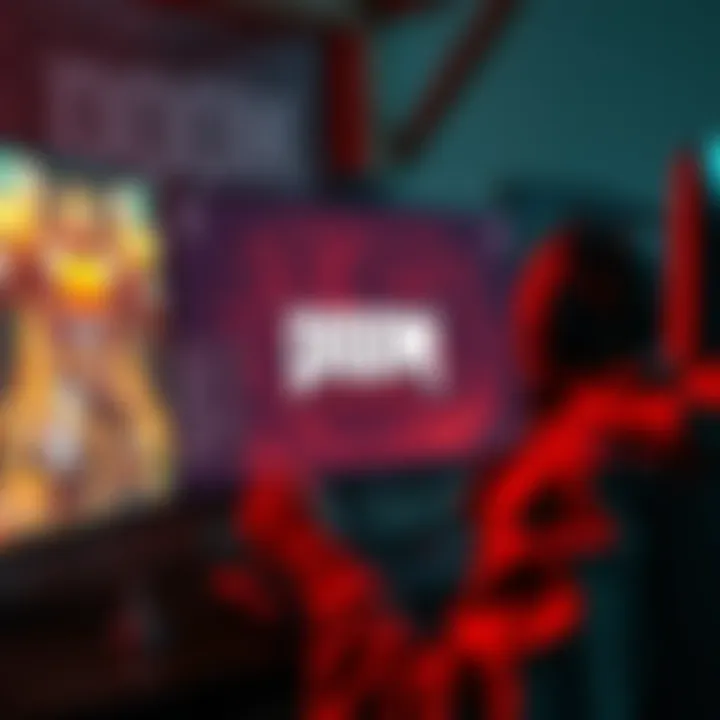 A gamer adjusting settings on a gaming monitor while playing Doom Dark Ages, focusing on graphics options to improve visual clarity.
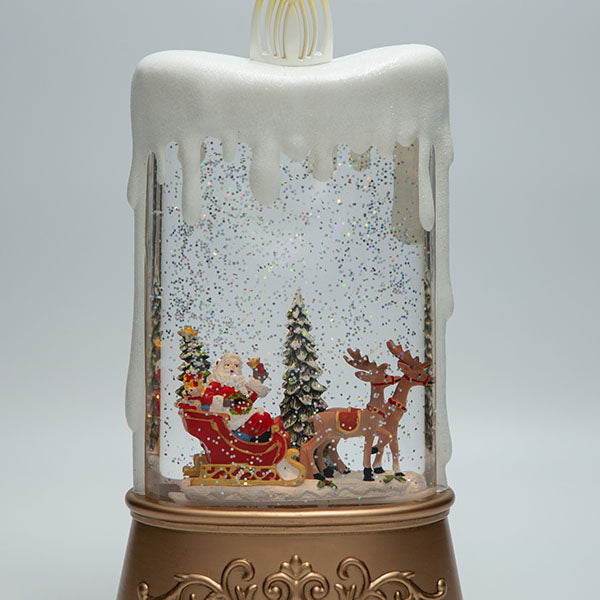 ΕΠΙΤΡΑΠΕΖΙΟ ΔΙΑΚΟΣΜΗΤΙΚΟ ΣΕ ΣΧΗΜΑ ΚΕΡΙΟΥ ΜΕ ΑΓΙΟ ΒΑΣΙΛΗ ΚΑΙ ΕΛΚΥΘΡΟ ΜΕ ΝΕΡΟ ΣΤΟ ΕΣΩΤΕΡΙΚΟ ΦΩΤΙΖΟΜΕΝΟ ΜΠΑΤΑΡΙΑΣ TIMER 15.5x9.5x30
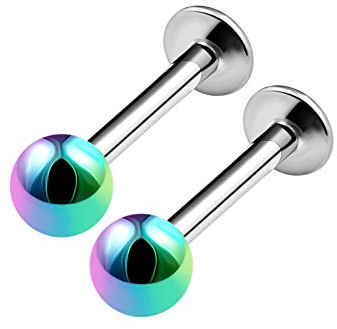 KJM FASHION 2 STK Chirurgenstahl Labret Monroe 1,6 mm 14g 8mm 5/16 4mm Eloxiert Kugel Madonna Marilyn Monroe Monroe Snake Bite Ohrringe Piercing Schmuck 3242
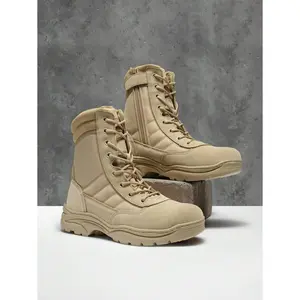 Men's Breathable Military Tactical Work Boots Side Zipper Leather Motorcycle Combat Boots (6-8 Inches) Slip, Oil, And Abrasion-Resistant Perfect For Bot Like Camping, Climbing, Cycling, Fishing, Jungle, Running, Mountaineeri outdoor boot basketball  shoes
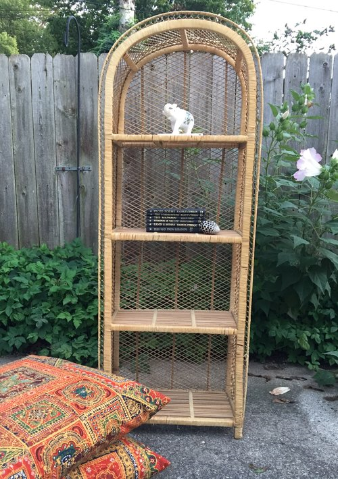 SOLD - Vintage Wicker Shelf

• • •

## [ACTION ITEM]
Set down the records above word for word, from the first line through the line containing "KJM FASHION 2", both included; leave out the pictures.

## [YOUR RESPONSE]
 A gamer adjusting settings on a gaming monitor while playing Doom Dark Ages, focusing on graphics options to improve visual clarity.
 ΕΠΙΤΡΑΠΕΖΙΟ ΔΙΑΚΟΣΜΗΤΙΚΟ ΣΕ ΣΧΗΜΑ ΚΕΡΙΟΥ ΜΕ ΑΓΙΟ ΒΑΣΙΛΗ ΚΑΙ ΕΛΚΥΘΡΟ ΜΕ ΝΕΡΟ ΣΤΟ ΕΣΩΤΕΡΙΚΟ ΦΩΤΙΖΟΜΕΝΟ ΜΠΑΤΑΡΙΑΣ TIMER 15.5x9.5x30
 KJM FASHION 2 STK Chirurgenstahl Labret Monroe 1,6 mm 14g 8mm 5/16 4mm Eloxiert Kugel Madonna Marilyn Monroe Monroe Snake Bite Ohrringe Piercing Schmuck 3242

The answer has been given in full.